Mathematics discovers that rose petals are found to contain a unique geometry

Nature and humans have different solutions for dealing with flat surfaces in a world that is three-dimensional. Among plants, the uneven growth of their leaves or their tissue causes the appearance of curvatures that relieve tension, without which they would break. An example is the wrinkling of lettuce at its edge.

Until now, the so-called planar plant morphogenesis was explained by the egregious theorem, a geometrical theory postulated by the mathematician Carl Friedrich Gauss two centuries ago. But roses follow their own geometric principle. A paper published in the latest issue of Science shows how their petals, that start out curved, end up as cutting edges through a mechanism never observed in the natural world until now.

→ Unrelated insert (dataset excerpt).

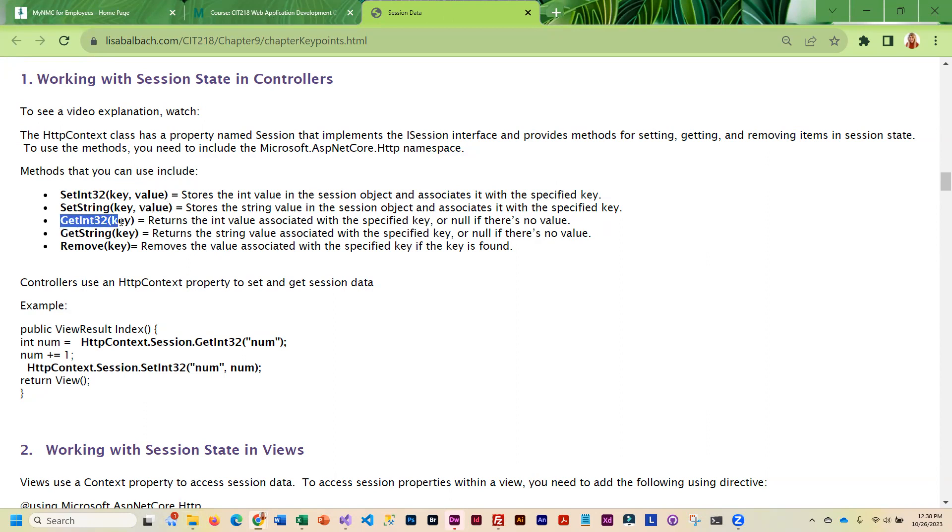In the view, when we retrieve the data, we can use either GetInt32 or GetString. You'll see we retrieve it with the key only. If we want to remove the session data, we remove it with the key.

The egregious theorem was not formulated to explain patterns observed in nature. Gauss formulated it as follows: “If a curved surface is developed on any other surface whatever, the measure of curvature in each point remains unchanged.”

This has many consequences in the realm of mathematics and physics. But there is one simple enough to grasp: the impossibility of faithfully capturing the globe on a flat surface, as the polar areas would appear exaggeratedly large. In such maps, both parallels and meridians are straight lines, when in reality they are curved and circular. This geometric frustration also occurs in the plant world and governs the tension between form and growth.

Michael Mose, from the Racah Institute of Physics at the Hebrew University of Jerusalem and co-author of the roses research, gives two examples to explain the departure point and what they have achieved. One example is that of the carrot. During its growth, the inner part of the carrot expands more than its outer layers, which generates internal tension. When cut into four pieces lengthwise, the pieces immediately curve outward, relaxing that tension. “The growth of the carrot caused a geometric incompatibility in this case, i.e., a preferred shape that cannot be achieved,” says Mose.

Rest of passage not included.